In an official statement, Starbucks has announced that it will stop bottling water in drought-stricken California and will move production–and jobs–to Pennsylvania to produce the Ethos brand of water that it sells in thousands of coffee shops.
The move comes as other companies face increasing public pressure to cease bottling water in the state in the midst of the worst drought California has experienced in decades. Ethos uses water from a private spring in Baxter, CA in the Sierra Nevada foothills, and is bottled by Safeway-Lucerne Foods in Merced, according to USA Today. Regardless of Starbucks’s decision, that spring will remain in private hands and there is no sign the bottling plant intends to cease operations.
In an official statement, Starbucks said:
Due to the serious drought conditions and necessary water conservation efforts in California, Starbucks is moving the sourcing and manufacturing of Ethos Water out of state.
Beginning the first week of May and over the next six months, Starbucks plans to move production to its Pennsylvania supplier, while simultaneously exploring alternatives to transition to a new source and supplier to serve the company’s West Coast distribution.
Theoretically, the shortage of water could simply have driven up the cost of Ethos. The problem for Starbucks is less one of cost, however, or even conservation–and more a problem of image.

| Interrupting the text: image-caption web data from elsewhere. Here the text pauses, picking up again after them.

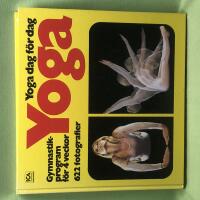 Yoga dag f&ouml;r dag gymnastikprogram f&ouml;r 4 veckor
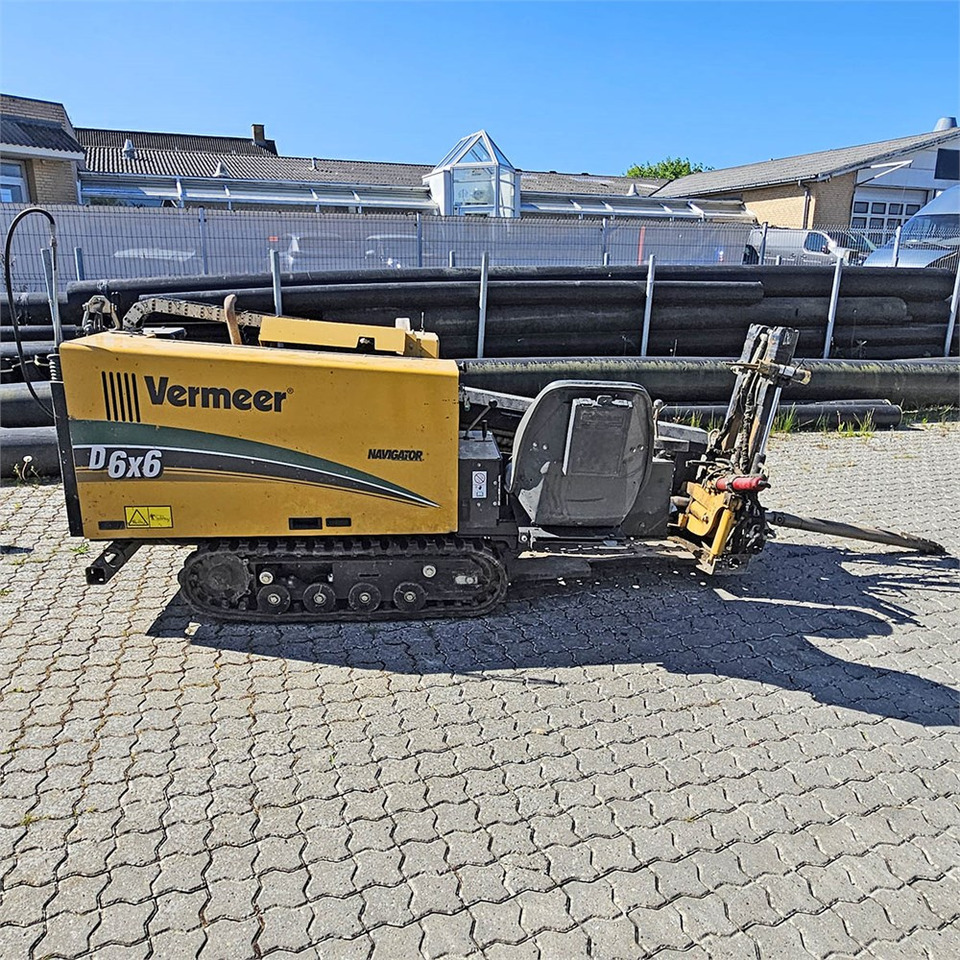 Vermeer D6X6 - Μηχάνημα διάτρησης οριζόντιος: φωτογραφία 2 Vermeer D6X6 - Μηχάνημα διάτρησης οριζόντιος: φωτογραφία 2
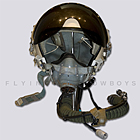 Russian Fighter Helmet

Ethos is marketed as an ethical alternative to bottled water, which environmentalists often decry for its use of plastic and its exploitation of scarce water supplies from public aquifers or even municipal water systems.
Starbucks currently spends 5 cents of each Ethos bottle on projects “to help support water, sanitation and hygiene education programs in water-stressed countries”–especially coffee-growing nations.
Drinking water is a small percentage of Californians’ water use, and has held steady despite urban population growth.